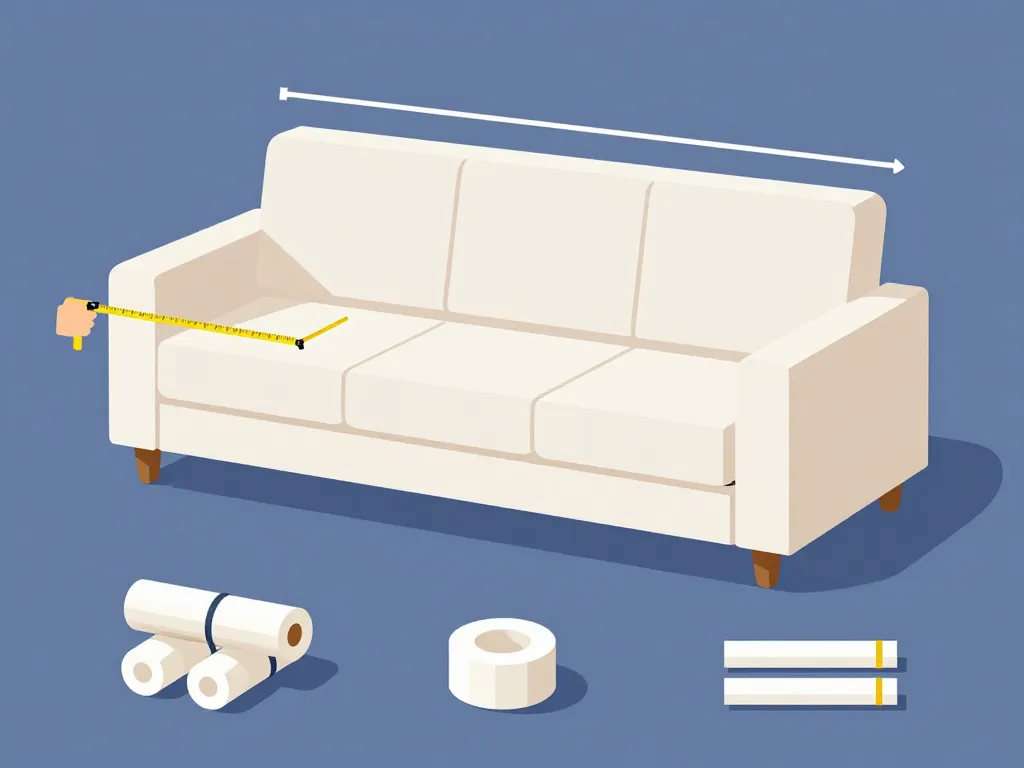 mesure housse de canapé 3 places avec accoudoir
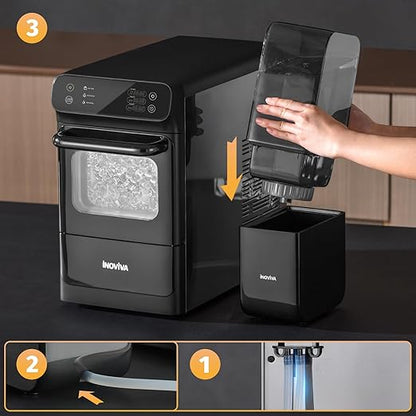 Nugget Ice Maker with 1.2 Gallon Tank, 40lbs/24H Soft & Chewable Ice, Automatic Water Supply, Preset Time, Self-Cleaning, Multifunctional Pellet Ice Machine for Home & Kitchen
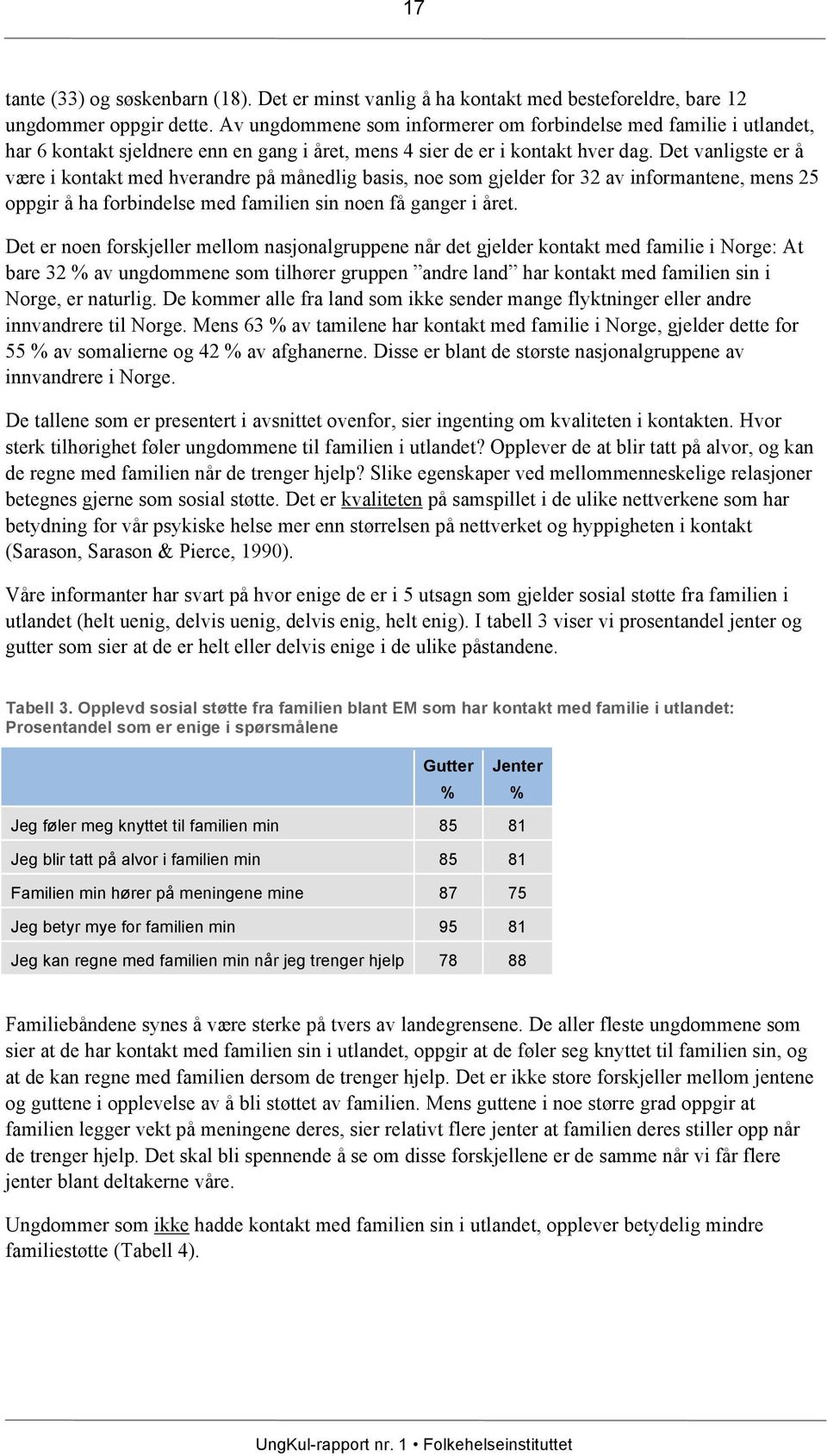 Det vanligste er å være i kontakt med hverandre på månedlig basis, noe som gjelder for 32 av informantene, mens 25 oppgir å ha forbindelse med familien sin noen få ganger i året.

= WHAT NEEDS TO BE DONE =
An exact copy of every line above is needed, without the images.

= RESULT FOR THIS TASK =
 mesure housse de canapé 3 places avec accoudoir
 Nugget Ice Maker with 1.2 Gallon Tank, 40lbs/24H Soft & Chewable Ice, Automatic Water Supply, Preset Time, Self-Cleaning, Multifunctional Pellet Ice Machine for Home & Kitchen
 Det vanligste er å være i kontakt med hverandre på månedlig basis, noe som gjelder for 32 av informantene, mens 25 oppgir å ha forbindelse med familien sin noen få ganger i året.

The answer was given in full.